Serve these lemon dill potatoes straight from the slow cooker crock to keep them warm on the table. They’re perfect alongside roasted or grilled chicken, baked salmon, pork tenderloin, or a simple pan-seared steak. I also love them with a big green salad and some steamed green beans or asparagus for a lighter spring or summer meal. If you’re hosting, you can double the recipe and let guests scoop right from the slow cooker during a holiday or Sunday dinner buffet.
Slow Cooker Lemon Dill Potatoes
Servings: 6
Ingredients
2 pounds small yellow baby potatoes, scrubbed and left whole (or halved if larger)
6 tablespoons unsalted butter, melted
2 tablespoons fresh lemon zest (from about 2 large lemons)
1/4 cup finely chopped fresh dill, plus more for serving if desired
Directions
Lightly grease the inside of your slow cooker crock with a tiny bit of butter or nonstick spray to help prevent sticking and make cleanup easier.

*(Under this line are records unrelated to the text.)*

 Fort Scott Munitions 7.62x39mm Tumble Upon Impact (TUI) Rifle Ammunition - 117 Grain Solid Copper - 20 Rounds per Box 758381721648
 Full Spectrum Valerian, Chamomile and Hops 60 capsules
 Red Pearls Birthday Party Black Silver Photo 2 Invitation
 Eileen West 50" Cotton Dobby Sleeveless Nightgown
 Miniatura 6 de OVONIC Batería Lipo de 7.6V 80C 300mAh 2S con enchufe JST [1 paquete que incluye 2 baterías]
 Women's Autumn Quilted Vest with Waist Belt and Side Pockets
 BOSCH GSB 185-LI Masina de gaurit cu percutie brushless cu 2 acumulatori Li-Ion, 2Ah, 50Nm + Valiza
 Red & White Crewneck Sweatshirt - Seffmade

Add the scrubbed yellow baby potatoes to the slow cooker in an even layer. If any potatoes are more than 1 1/2 inches across, cut them in half so they cook at the same rate as the smaller ones.
In a small bowl or measuring cup, stir together the melted butter and fresh lemon zest until the zest is evenly distributed. This helps the lemon flavor infuse into the butter before it hits the potatoes.

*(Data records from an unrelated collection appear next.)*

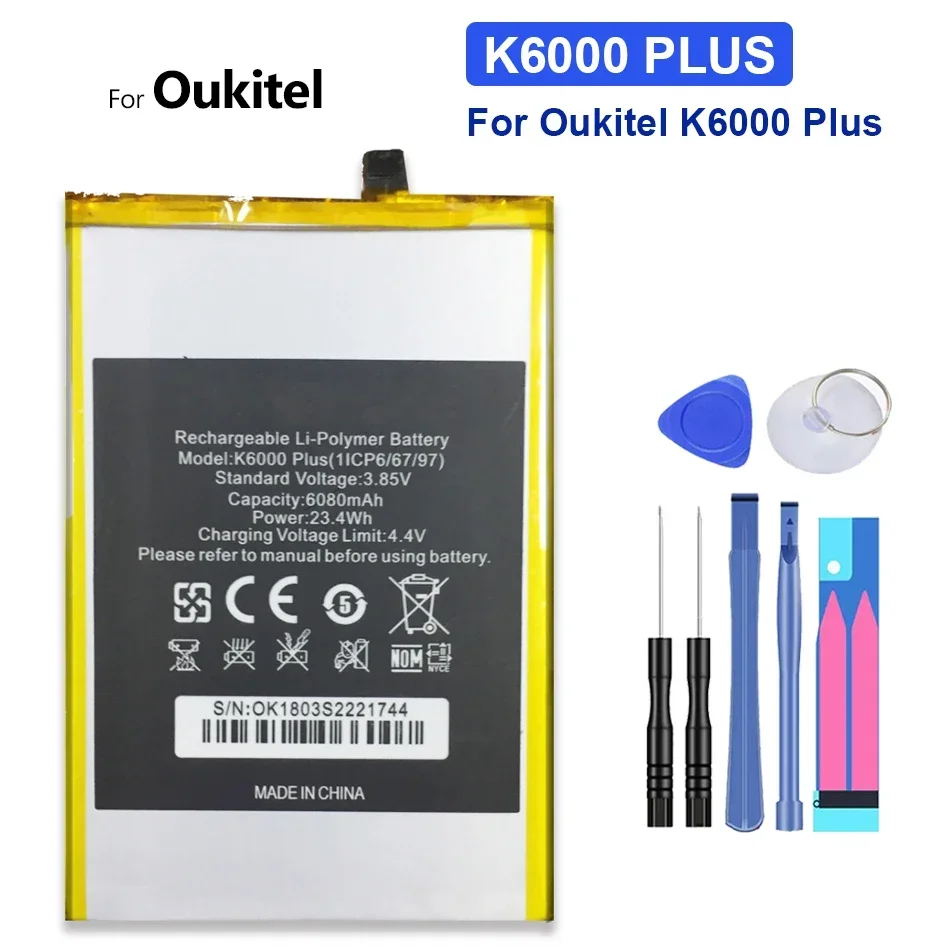 

Mobile Phone Replacement Battery For Oukitel K6000 Plus K6000Plus 6080mAh Polymer Li-ion Battery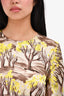 Marni Brown/Yellow Tree Printed Satin Top Size 38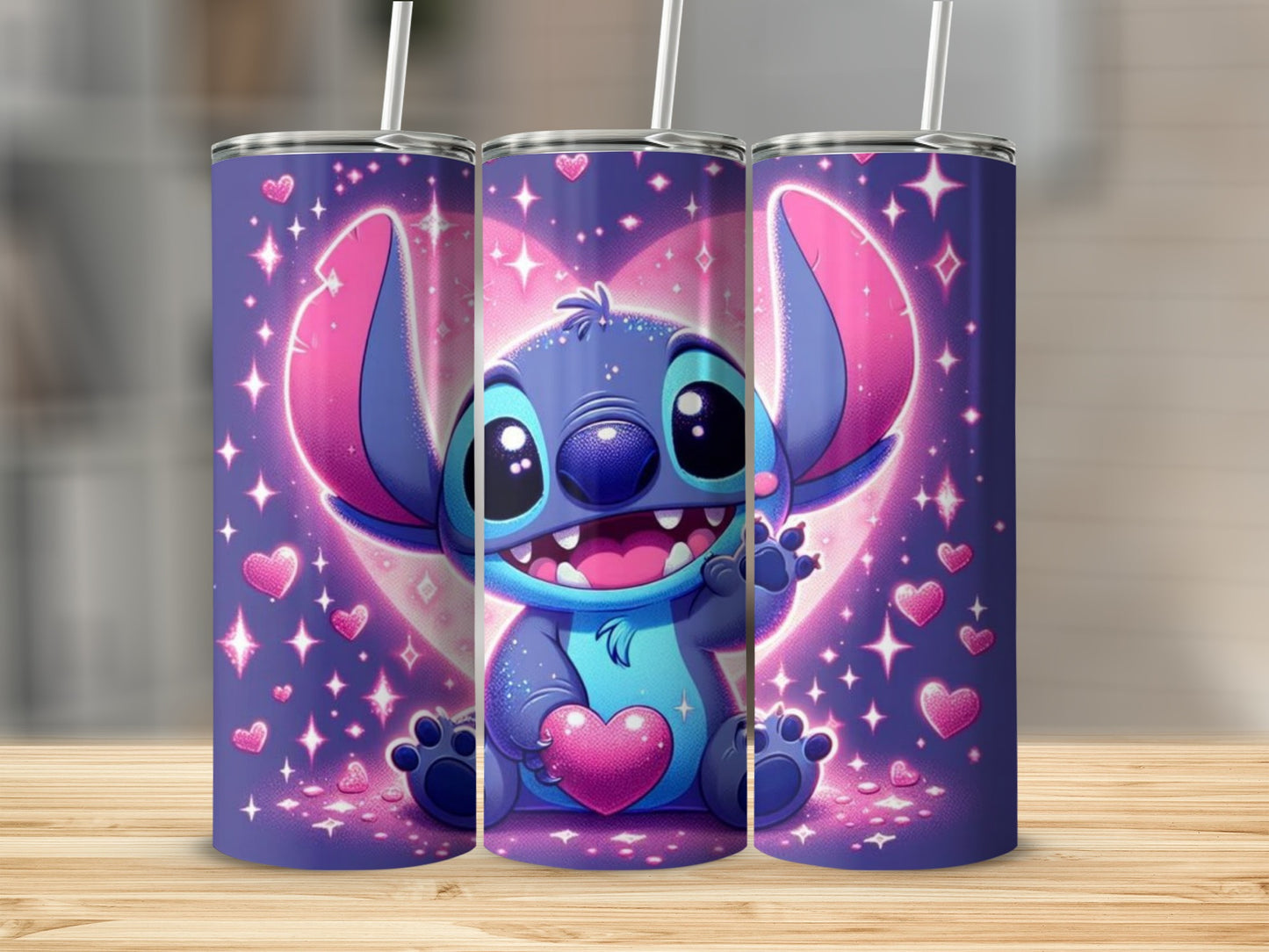 Cute Blue Cartoon Character with Hearts Drinkware Cups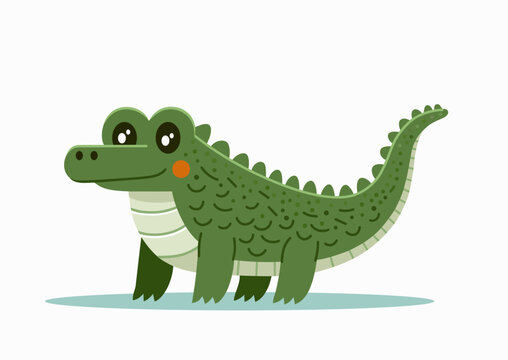 Crocodile, funny doodle vector illustration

Pour the lemon butter mixture evenly over the potatoes, using a spatula to scrape out every last bit. Gently toss the potatoes in the crock so they’re lightly coated in the butter and lemon zest.
Cover the slow cooker with the lid and cook on LOW for 3 1/2 to 4 1/2 hours, or on HIGH for 2 to 2 1/2 hours, until the potatoes are very tender when pierced with a fork but not falling apart. Avoid lifting the lid too often so the heat and steam stay trapped inside.
Once the potatoes are tender, sprinkle the chopped fresh dill over the hot potatoes. Use a large spoon to gently toss everything together until the dill, butter, and lemon zest coat the potatoes in a glossy, fragrant layer.
Taste and, if you like, adjust with a tiny extra sprinkle of dill or a bit more lemon zest right in the crock before serving. Serve the potatoes hot, straight from the slow cooker, spooning some of the buttery lemon dill mixture from the bottom of the crock over the top of each portion.
Variations & Tips
If you want a richer finish, stir in an extra tablespoon of melted butter just before serving, or add a small splash of the lemon juice from one of the zested lemons (this technically adds an ingredient, but a squeeze at the table is a nice optional touch). For a slightly different flavor, you can swap half of the dill for fresh parsley or chives while still keeping the bright, herby profile. If you need to hold the potatoes for a bit before dinner, switch the slow cooker to WARM once they’re tender and stir gently every 20–30 minutes so they stay coated and don’t stick. For meal prep, you can scrub the potatoes, zest the lemons, and chop the dill the night before; store the potatoes in the fridge dry and uncovered (so they don’t get slimy), and keep the zest and dill in separate covered containers. Food safety tips: Always start with clean, scrubbed potatoes and make sure they’re not sprouting or soft. Keep the slow cooker on LOW or HIGH as directed until the potatoes are fully cooked; don’t leave it on WARM from the start, as that may keep the potatoes in the temperature “danger zone” too long. Refrigerate any leftovers within 2 hours of cooking in a shallow container, and reheat thoroughly until steaming hot before eating.